**Given entries**
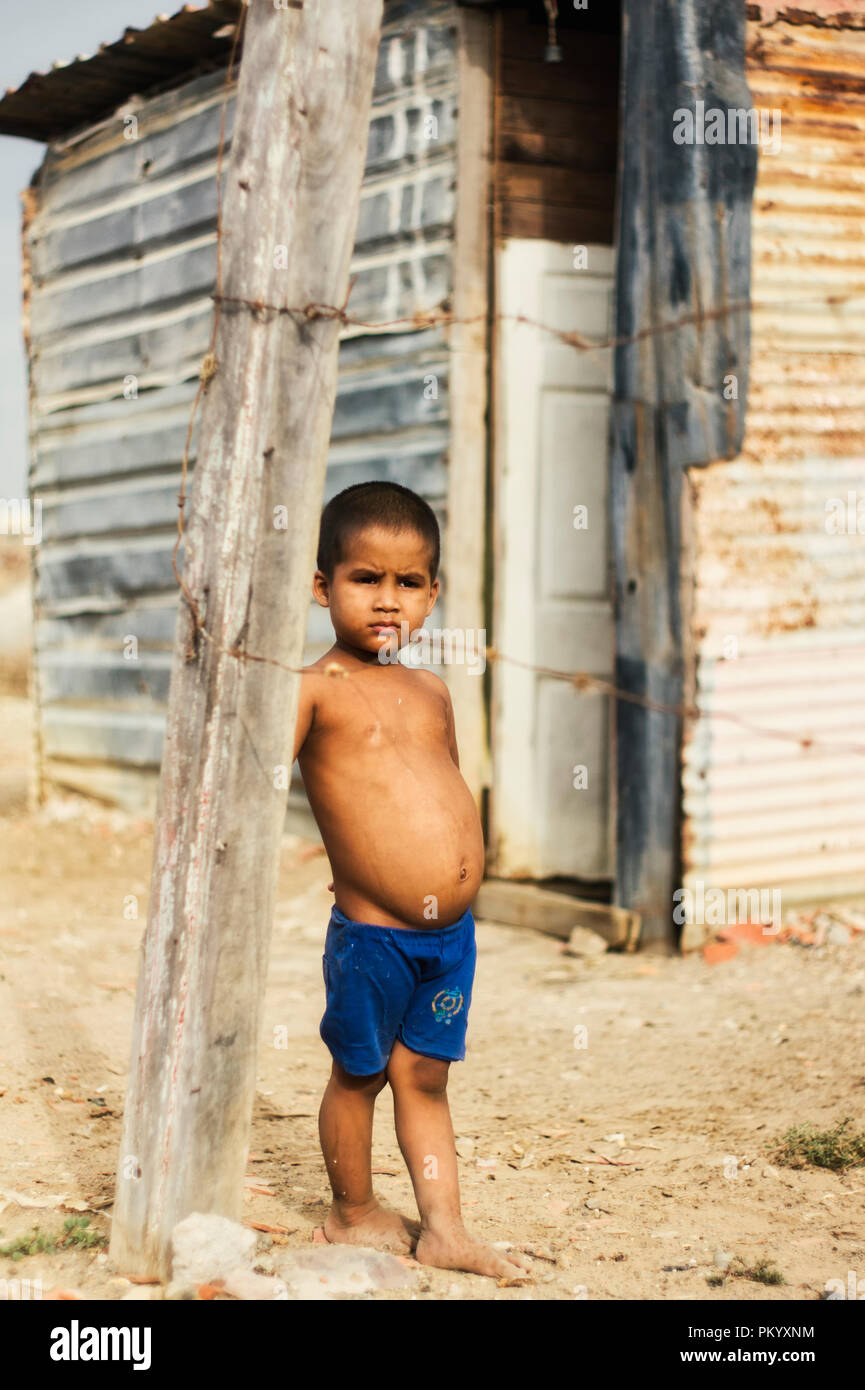 Barcellona, VENEZUELA 2 Giugno 2018: il bambino nella comunità povera 'ciudad de los mochos' con problemi di malnutrizione Kwashiorkor Foto Stock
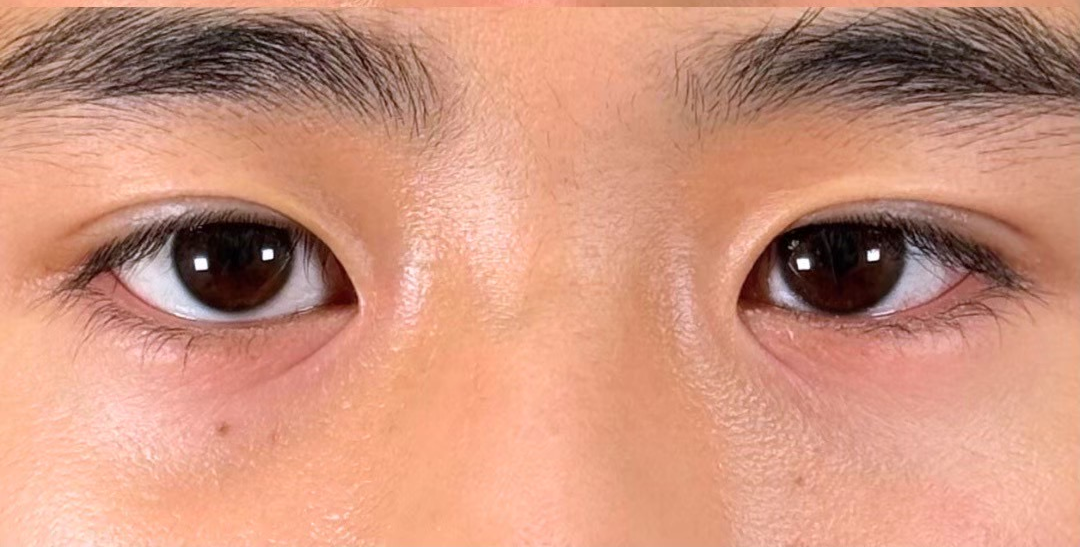 症例のafter画像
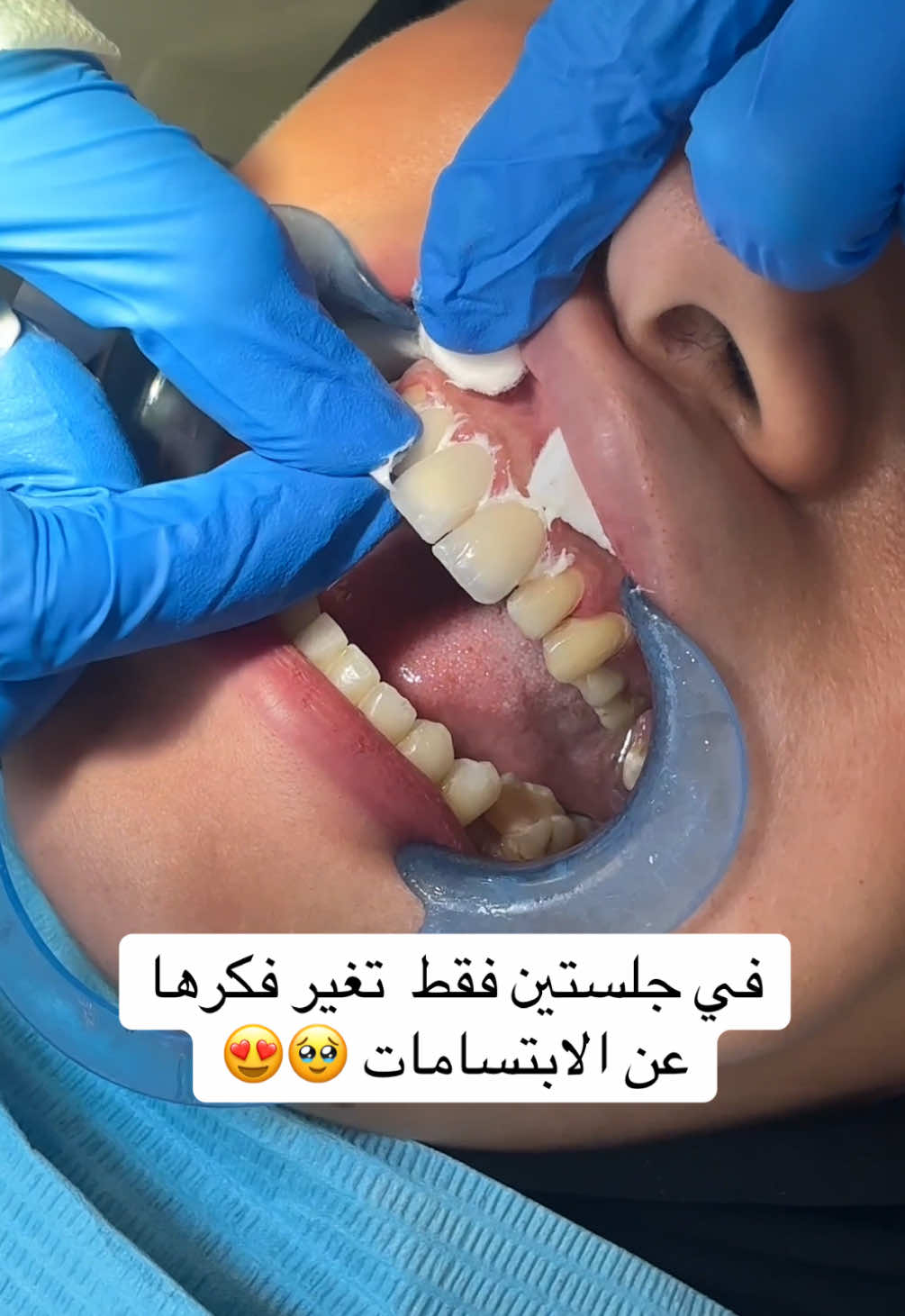 @Dr.ranaalsilani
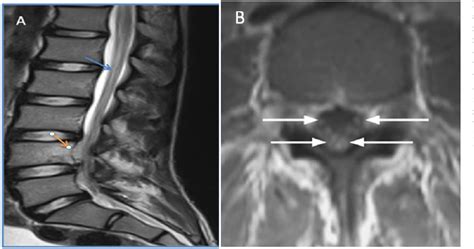 Figure 1 from Spinal brucellosis causing spondylodiscitis | Semantic ...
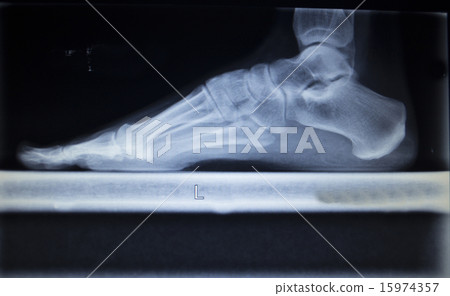 X-ray scan of foot injury load weight bearing X-ray scan of foot injury load weight bearing 15974357
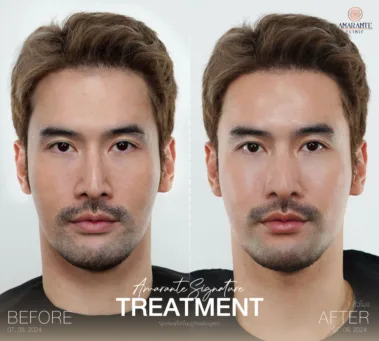ภาพ before and after นวดหน้า biologique recherche คุณธีร์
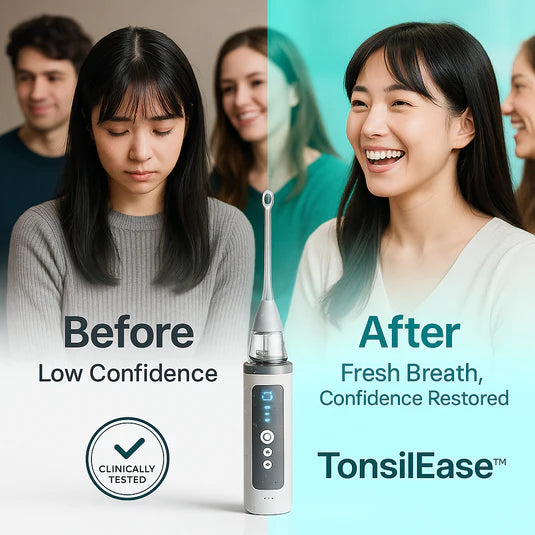 TonsilEase™ - Tonsil Stone Removal Kit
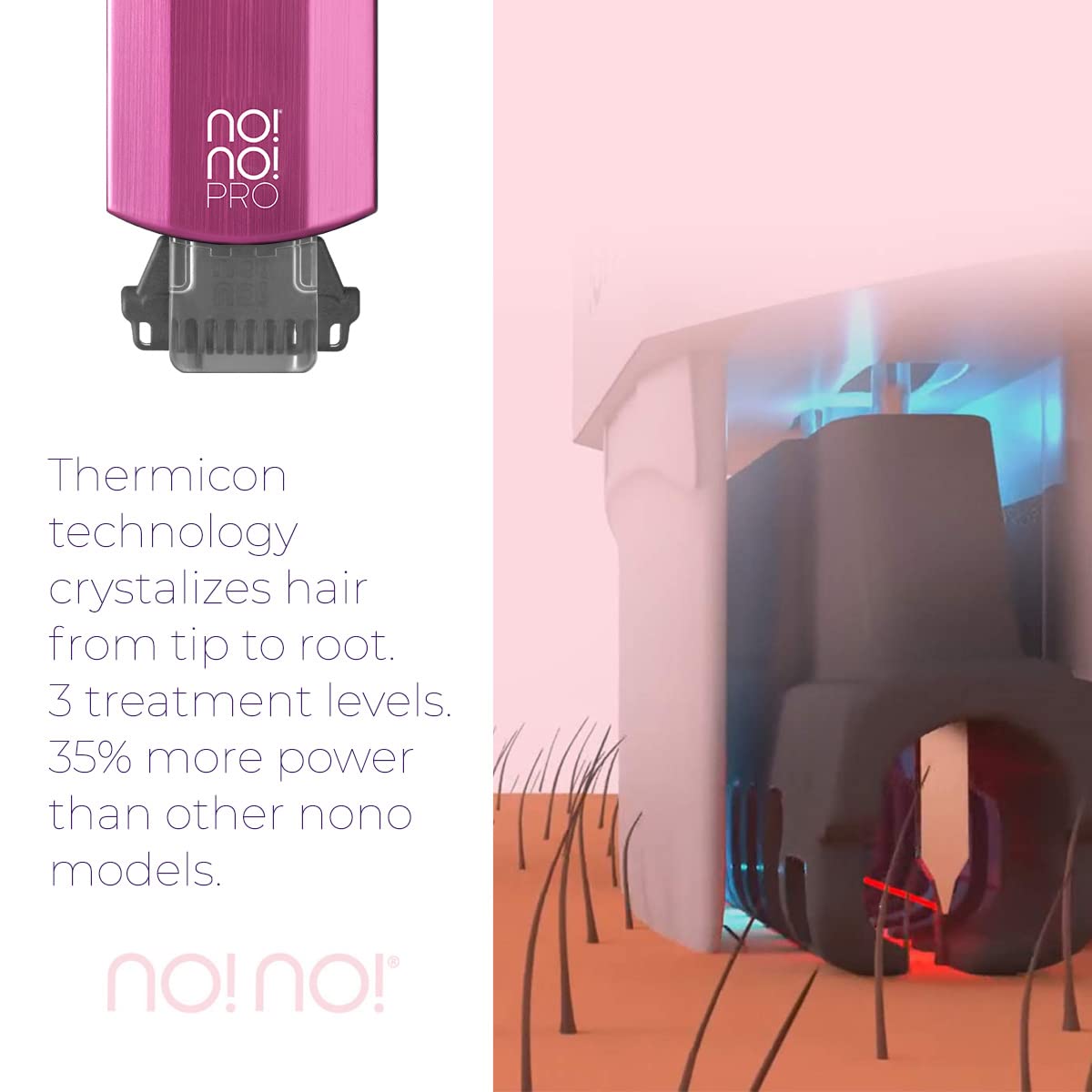NO!NO! Pro Hair Removal Device Basic Kit - Permanent Hair Removal System for Women & Men with Buffer & Tip Attachments - Painless Facial & Body Hair Remover (Pink) - At-Home Salon Smooth Skin Solution for Legs, Bikini Line & Underarms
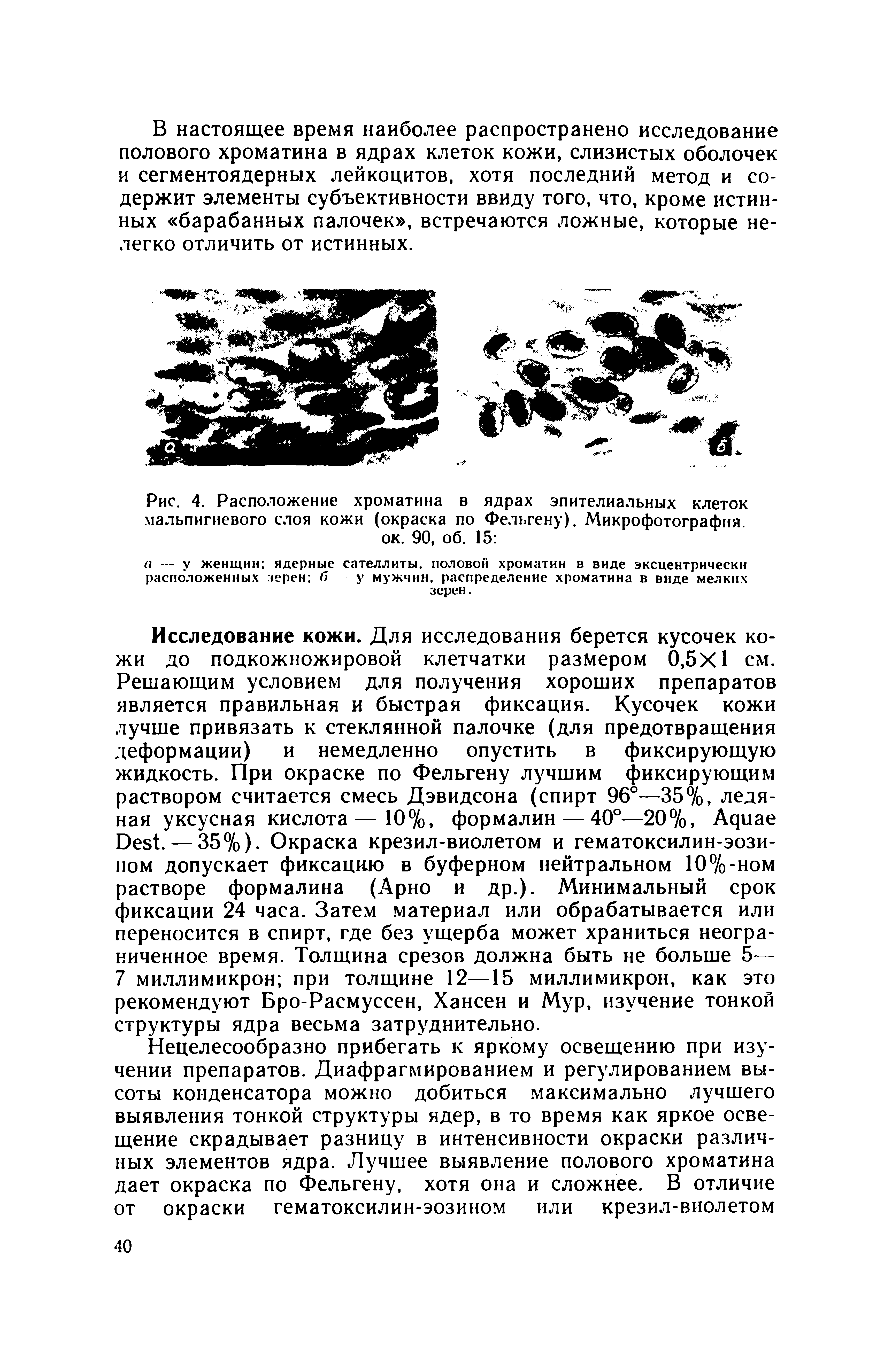 Рис. 4. Расположение хроматина в ядрах эпителиальных клеток мальпигиевого слоя кожи (окраска по Фельгену). Микрофотография.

**To do**
An exact reprint of every record is required, with the pictures omitted.

**Exercise response**
 Barcellona, VENEZUELA 2 Giugno 2018: il bambino nella comunità povera 'ciudad de los mochos' con problemi di malnutrizione Kwashiorkor Foto Stock
 症例のafter画像
 @Dr.ranaalsilani
 Figure 1 from Spinal brucellosis causing spondylodiscitis | Semantic ...
 X-ray scan of foot injury load weight bearing X-ray scan of foot injury load weight bearing 15974357
ภาพ before and after นวดหน้า biologique recherche คุณธีร์
 TonsilEase™ - Tonsil Stone Removal Kit
NO!NO! Pro Hair Removal Device Basic Kit - Permanent Hair Removal System for Women & Men with Buffer & Tip Attachments - Painless Facial & Body Hair Remover (Pink) - At-Home Salon Smooth Skin Solution for Legs, Bikini Line & Underarms
 Рис. 4. Расположение хроматина в ядрах эпителиальных клеток мальпигиевого слоя кожи (окраска по Фельгену). Микрофотография.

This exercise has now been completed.